## Work to be completed
Of all the entries below, retype only the lines from the one with "Erotic set of lace linen, OS size, black-4" through the one with "Men | Sneakers", exactly as they appear.
┌─ Provided records
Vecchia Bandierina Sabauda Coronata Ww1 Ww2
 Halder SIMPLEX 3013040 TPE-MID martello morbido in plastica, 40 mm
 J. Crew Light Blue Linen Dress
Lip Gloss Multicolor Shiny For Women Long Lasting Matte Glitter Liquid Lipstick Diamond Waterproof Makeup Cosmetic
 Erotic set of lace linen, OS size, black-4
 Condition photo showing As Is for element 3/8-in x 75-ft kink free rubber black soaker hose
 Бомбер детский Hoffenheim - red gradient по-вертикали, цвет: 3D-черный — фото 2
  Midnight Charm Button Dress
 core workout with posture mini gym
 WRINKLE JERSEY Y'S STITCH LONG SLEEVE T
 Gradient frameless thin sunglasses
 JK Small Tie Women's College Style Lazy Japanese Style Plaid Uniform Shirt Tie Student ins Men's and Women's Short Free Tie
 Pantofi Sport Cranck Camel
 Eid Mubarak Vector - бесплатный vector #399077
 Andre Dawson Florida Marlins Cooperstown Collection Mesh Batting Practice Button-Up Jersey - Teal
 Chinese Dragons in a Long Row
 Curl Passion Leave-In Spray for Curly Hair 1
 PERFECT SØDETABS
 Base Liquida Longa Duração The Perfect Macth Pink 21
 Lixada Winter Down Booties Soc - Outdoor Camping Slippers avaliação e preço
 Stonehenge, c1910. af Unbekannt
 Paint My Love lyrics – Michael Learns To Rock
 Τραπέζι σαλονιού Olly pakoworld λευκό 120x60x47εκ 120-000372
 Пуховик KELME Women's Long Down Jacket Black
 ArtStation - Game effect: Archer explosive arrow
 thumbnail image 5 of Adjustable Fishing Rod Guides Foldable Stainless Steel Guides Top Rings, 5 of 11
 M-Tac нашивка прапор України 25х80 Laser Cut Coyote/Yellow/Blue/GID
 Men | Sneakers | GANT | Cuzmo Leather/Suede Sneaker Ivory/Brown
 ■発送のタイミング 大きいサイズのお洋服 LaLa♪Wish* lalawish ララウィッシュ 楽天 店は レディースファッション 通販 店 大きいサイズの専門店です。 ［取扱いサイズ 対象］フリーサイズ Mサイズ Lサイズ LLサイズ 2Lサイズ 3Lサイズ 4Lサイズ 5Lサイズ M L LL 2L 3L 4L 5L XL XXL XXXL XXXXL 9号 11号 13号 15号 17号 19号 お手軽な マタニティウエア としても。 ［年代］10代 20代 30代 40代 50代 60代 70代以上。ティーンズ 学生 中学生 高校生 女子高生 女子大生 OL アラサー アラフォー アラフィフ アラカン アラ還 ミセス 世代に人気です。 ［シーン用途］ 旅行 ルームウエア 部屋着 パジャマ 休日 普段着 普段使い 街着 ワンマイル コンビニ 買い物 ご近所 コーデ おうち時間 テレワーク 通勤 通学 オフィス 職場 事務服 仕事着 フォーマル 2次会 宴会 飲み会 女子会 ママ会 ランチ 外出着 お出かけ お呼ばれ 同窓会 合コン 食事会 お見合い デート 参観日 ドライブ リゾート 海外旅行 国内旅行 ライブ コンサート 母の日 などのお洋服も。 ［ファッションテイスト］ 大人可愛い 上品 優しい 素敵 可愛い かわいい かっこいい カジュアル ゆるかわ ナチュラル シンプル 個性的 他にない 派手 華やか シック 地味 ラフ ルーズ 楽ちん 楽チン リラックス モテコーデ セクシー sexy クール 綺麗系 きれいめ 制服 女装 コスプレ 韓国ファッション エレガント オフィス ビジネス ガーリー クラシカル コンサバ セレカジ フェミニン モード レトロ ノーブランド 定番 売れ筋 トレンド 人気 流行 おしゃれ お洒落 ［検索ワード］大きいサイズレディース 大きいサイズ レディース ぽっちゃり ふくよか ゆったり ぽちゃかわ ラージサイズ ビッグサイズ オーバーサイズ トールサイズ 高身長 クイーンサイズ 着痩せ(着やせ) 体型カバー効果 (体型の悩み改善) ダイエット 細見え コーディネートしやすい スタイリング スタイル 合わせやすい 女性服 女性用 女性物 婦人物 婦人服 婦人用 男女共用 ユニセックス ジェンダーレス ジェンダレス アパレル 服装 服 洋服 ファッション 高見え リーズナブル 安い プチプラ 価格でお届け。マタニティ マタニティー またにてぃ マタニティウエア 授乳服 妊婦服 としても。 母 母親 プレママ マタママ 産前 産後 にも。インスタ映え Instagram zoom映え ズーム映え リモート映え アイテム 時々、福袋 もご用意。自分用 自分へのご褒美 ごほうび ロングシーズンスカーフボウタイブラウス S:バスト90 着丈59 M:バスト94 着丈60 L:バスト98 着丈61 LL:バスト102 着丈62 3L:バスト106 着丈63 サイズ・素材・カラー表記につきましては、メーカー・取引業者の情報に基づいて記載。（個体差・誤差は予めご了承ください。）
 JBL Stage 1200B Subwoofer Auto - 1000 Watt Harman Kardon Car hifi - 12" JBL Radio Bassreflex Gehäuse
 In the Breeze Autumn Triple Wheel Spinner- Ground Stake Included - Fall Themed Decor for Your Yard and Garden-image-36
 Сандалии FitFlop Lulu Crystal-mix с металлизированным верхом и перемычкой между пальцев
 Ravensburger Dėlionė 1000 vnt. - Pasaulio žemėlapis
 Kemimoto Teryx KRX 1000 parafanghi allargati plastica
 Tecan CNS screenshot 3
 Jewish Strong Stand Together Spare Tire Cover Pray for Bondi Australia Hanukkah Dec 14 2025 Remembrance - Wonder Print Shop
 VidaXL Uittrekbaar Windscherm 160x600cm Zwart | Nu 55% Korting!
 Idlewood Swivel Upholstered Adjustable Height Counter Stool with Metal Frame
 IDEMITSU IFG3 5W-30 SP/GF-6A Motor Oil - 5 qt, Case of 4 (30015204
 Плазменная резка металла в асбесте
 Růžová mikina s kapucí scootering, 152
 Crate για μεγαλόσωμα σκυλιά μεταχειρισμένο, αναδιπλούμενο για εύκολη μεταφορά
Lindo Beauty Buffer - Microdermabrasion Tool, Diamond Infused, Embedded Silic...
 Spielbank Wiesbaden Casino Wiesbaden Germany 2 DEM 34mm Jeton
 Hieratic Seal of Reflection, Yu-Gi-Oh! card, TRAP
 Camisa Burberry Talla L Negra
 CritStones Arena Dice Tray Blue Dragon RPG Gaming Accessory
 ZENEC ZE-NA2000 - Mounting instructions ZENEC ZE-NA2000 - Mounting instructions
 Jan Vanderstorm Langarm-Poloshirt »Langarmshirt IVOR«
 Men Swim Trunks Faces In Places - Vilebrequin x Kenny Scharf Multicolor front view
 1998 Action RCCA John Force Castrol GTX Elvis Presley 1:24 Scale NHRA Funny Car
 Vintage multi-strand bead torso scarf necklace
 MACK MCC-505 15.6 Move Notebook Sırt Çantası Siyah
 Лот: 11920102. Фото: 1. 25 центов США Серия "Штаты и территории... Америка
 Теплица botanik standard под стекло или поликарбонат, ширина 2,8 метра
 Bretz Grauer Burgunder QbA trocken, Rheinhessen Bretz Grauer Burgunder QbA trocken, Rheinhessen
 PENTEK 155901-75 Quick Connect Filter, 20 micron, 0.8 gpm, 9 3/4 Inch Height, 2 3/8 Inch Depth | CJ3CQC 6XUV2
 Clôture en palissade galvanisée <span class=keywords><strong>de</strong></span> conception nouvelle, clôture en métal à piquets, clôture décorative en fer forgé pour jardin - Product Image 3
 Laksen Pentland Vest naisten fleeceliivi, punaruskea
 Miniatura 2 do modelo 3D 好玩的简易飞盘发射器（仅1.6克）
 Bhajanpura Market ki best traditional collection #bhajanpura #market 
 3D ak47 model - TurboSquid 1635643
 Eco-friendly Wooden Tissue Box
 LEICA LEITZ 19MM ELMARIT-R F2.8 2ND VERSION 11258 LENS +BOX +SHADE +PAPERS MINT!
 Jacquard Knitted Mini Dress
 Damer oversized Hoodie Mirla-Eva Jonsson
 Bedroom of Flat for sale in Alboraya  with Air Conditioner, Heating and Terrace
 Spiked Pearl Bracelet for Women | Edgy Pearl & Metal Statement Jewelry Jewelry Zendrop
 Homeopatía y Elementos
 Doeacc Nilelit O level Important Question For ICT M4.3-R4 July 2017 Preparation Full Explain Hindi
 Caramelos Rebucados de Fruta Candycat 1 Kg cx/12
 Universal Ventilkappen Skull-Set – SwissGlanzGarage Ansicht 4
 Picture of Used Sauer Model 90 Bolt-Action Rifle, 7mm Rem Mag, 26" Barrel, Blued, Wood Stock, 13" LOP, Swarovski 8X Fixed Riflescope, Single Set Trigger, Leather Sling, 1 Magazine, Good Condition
└─
## Your response
 Erotic set of lace linen, OS size, black-4
 Condition photo showing As Is for element 3/8-in x 75-ft kink free rubber black soaker hose
 Бомбер детский Hoffenheim - red gradient по-вертикали, цвет: 3D-черный — фото 2
  Midnight Charm Button Dress
 core workout with posture mini gym
 WRINKLE JERSEY Y'S STITCH LONG SLEEVE T
 Gradient frameless thin sunglasses
 JK Small Tie Women's College Style Lazy Japanese Style Plaid Uniform Shirt Tie Student ins Men's and Women's Short Free Tie
 Pantofi Sport Cranck Camel
 Eid Mubarak Vector - бесплатный vector #399077
 Andre Dawson Florida Marlins Cooperstown Collection Mesh Batting Practice Button-Up Jersey - Teal
 Chinese Dragons in a Long Row
 Curl Passion Leave-In Spray for Curly Hair 1
 PERFECT SØDETABS
 Base Liquida Longa Duração The Perfect Macth Pink 21
 Lixada Winter Down Booties Soc - Outdoor Camping Slippers avaliação e preço
 Stonehenge, c1910. af Unbekannt
 Paint My Love lyrics – Michael Learns To Rock
 Τραπέζι σαλονιού Olly pakoworld λευκό 120x60x47εκ 120-000372
 Пуховик KELME Women's Long Down Jacket Black
 ArtStation - Game effect: Archer explosive arrow
 thumbnail image 5 of Adjustable Fishing Rod Guides Foldable Stainless Steel Guides Top Rings, 5 of 11
 M-Tac нашивка прапор України 25х80 Laser Cut Coyote/Yellow/Blue/GID
 Men | Sneakers | GANT | Cuzmo Leather/Suede Sneaker Ivory/Brown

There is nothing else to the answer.